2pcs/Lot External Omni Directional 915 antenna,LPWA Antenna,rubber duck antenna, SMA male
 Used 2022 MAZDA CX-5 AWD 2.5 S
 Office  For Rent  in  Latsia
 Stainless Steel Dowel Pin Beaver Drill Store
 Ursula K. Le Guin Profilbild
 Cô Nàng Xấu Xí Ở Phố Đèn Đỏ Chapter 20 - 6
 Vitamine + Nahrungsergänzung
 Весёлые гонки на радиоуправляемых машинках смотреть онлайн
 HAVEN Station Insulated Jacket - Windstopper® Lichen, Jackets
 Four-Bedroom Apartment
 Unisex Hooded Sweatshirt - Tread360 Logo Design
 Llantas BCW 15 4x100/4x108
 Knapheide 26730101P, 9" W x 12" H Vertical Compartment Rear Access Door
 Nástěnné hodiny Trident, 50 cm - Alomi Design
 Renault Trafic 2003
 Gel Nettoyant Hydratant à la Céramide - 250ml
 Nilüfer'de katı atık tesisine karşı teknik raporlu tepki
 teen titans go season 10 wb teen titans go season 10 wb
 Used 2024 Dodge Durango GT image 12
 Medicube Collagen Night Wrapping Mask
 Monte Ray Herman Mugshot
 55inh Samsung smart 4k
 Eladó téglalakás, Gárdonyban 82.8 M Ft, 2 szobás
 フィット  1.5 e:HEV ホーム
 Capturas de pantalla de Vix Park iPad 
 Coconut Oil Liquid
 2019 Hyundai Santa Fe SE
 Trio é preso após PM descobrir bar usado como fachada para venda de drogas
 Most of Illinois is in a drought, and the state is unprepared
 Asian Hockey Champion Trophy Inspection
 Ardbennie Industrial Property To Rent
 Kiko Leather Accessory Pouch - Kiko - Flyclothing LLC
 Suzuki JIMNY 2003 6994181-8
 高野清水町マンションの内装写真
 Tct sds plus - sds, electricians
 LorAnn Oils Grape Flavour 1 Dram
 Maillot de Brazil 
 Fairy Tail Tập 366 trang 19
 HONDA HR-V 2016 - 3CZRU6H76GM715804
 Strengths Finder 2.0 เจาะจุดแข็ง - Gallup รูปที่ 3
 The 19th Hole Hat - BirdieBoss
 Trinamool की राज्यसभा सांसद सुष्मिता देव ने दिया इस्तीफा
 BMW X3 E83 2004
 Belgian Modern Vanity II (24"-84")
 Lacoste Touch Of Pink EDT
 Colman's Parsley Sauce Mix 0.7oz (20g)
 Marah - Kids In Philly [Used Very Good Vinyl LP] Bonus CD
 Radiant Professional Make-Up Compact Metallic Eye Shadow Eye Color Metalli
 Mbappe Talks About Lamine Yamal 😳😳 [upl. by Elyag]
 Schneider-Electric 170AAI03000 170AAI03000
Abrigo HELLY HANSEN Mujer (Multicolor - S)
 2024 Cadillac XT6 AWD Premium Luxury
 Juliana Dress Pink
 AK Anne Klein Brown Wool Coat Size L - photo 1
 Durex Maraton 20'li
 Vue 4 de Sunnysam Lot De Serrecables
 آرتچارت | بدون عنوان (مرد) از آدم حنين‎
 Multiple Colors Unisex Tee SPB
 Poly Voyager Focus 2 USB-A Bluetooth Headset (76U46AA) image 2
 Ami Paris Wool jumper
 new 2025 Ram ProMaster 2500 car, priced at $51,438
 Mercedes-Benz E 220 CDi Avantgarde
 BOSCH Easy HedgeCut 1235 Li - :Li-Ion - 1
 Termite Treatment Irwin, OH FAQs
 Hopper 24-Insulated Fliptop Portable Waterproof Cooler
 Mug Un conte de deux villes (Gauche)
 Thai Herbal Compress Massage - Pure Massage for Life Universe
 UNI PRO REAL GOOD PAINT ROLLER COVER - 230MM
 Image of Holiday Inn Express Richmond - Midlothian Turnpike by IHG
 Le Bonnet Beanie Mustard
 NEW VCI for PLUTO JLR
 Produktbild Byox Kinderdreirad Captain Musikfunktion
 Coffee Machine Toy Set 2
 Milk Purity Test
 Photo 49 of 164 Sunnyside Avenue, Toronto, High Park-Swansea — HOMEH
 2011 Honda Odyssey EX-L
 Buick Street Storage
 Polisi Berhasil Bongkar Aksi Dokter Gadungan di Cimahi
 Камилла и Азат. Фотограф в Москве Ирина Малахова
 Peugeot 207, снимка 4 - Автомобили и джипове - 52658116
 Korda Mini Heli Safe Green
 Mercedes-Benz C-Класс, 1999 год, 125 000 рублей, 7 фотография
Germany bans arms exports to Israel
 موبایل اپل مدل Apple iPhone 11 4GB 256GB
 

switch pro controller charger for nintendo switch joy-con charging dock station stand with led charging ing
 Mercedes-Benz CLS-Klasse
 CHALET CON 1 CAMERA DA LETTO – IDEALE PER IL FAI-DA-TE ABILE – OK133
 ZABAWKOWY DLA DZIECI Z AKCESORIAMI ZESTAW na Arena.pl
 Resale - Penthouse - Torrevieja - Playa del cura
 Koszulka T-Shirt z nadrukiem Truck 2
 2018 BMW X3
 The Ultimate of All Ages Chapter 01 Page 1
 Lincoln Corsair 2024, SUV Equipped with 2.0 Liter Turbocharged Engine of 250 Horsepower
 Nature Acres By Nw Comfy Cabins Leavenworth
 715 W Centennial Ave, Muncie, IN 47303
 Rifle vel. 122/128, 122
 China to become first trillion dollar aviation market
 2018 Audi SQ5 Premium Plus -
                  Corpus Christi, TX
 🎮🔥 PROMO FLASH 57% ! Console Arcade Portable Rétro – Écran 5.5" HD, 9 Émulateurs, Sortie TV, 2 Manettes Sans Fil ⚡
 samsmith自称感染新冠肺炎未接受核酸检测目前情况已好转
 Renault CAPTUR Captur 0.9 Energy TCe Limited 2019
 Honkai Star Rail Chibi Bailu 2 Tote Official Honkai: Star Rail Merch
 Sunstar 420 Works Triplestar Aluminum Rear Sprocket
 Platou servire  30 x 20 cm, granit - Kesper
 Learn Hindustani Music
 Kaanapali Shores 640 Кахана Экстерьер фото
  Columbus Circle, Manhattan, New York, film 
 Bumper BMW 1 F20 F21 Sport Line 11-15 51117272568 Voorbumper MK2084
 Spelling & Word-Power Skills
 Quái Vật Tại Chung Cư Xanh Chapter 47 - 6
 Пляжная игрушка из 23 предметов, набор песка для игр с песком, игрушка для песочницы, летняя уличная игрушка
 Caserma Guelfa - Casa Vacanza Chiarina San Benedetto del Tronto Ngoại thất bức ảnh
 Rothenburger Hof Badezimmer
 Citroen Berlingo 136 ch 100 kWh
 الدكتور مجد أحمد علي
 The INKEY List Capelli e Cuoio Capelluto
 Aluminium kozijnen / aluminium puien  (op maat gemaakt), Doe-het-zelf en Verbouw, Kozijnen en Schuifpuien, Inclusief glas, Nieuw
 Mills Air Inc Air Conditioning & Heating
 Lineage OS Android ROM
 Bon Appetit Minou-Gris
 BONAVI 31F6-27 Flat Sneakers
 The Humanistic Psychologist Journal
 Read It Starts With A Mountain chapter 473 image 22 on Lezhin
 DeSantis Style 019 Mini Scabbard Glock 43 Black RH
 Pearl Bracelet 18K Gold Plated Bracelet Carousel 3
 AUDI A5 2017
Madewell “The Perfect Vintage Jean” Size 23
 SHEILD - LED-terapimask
# # # # #
» **AIM OF THE TASK**:
From the preceding material, count every line that contains the word "Size". Reply with the number only.

» **SOLUTION TO THE PROBLEM**:
2